そんなルールなき「収容所」に自治を根付かせ、かすかな希望を
見出す事のできる場へと変化させていく、現場でのリーダーシップや
その過程を伺っていると、決してそのようなテーマではないのに
「人間が生きるために必要なものは、そう多くない」ということを
感じてしまいます。
そこに軽薄な「同情」や「感情的な痛み」が入り込む余地は
ありません。圧倒的な現実に、背筋が凍りつくだけです。
事業報告会とシンポの後は、今回ボランティアに行った人間が、
思い出話をして旧交を温める場も用意してありましたが、
私はパスしました。
決してそのこと自体を否定する気はありません。
事実、一時はそういったネットワークを大切にしなければと考え、
その枠組み作りに動いたこともありましたが、立場や視点の
違いから、実を結びませんでした。
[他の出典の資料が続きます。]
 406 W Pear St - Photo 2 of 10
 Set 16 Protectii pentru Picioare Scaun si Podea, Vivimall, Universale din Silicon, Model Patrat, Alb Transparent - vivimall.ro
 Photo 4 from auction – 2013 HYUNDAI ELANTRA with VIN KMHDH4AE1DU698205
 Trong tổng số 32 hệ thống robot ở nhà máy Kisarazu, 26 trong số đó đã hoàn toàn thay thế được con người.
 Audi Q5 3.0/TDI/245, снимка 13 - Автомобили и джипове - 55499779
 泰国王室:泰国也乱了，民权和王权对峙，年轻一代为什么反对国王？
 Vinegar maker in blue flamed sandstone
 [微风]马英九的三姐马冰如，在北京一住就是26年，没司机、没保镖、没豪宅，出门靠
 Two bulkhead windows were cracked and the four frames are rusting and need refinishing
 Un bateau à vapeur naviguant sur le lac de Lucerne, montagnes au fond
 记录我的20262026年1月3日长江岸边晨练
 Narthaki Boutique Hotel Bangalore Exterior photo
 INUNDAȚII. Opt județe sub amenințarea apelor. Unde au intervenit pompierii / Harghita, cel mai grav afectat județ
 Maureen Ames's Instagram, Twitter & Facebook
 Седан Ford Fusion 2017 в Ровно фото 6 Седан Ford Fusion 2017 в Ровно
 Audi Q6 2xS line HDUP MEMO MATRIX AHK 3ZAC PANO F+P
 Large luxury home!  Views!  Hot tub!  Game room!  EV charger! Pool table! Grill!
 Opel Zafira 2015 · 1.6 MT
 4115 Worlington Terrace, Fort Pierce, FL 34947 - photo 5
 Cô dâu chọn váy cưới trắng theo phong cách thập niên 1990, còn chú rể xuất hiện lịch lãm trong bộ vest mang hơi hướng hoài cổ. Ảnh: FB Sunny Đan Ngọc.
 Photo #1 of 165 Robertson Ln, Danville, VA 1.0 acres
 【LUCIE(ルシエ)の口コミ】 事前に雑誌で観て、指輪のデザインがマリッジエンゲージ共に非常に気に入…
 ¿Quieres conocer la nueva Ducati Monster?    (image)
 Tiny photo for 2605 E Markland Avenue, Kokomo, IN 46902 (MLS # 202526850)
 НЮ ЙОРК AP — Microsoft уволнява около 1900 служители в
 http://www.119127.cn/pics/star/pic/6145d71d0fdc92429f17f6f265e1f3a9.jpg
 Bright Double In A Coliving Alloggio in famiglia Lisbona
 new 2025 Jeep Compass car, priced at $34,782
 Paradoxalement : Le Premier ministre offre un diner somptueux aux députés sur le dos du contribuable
災害ボランティアなんて、
私も誰も、しなくて済むならしたくなんてないのです。
何も起きなければ、必要性も何もないのですから。
しかし、この国に住む以上、「次」はあるのでしょう。
であるならば、きっと、その時も私たちは集まれる。
そう思っておきたい。
自立した個人が、誰にも訪れうる「災のある運命」を見据え、
しかし決してそれを悲観することなく、日々の暮らしの中で
心構えを養い、行動していく。
日本人皆がそんな風になる日は来ないと思うけれども、
少なくとも私自身は、そのように暮らしていければ、「あの日」の
記憶を無駄にせずにすむのではないかと思っています。
「京都の皆さんにお願いしたいことは、忘れないで欲しい、
ということです。それが、ふるさとをなくした浪江・大熊・
双葉町民の、悲痛な声です。これが最大のボランティアだと
思うのです」
パネリストの男性の訴えが、胸に残っています。
※2006年夏の旅で通った「富岡町」の風景がパソコンに
残っていました。
今、付近は原発10km圏内の警戒区域で立入禁止です。
何の変哲もない、日本の田舎の風景です。
この日の晩、食堂で知り合った浪江町の方の家に泊めて頂きました。
(京都から北海道へ向けて自転車で旅をしていたもので…)
彼らは事故後、避難所や知人宅を5箇所くらいを転々とされたそうです。
身近なところで、考えもしなかったようなことが起きています。
そして、今も、続いています。
※福島の避難所記は本になっています。
メディアに載らない、したたかに続いた避難所の日常を、
生活を、興味本位で構いませんので是非覗いてみてください。
社内(知り合い)の方には、私からお貸しします。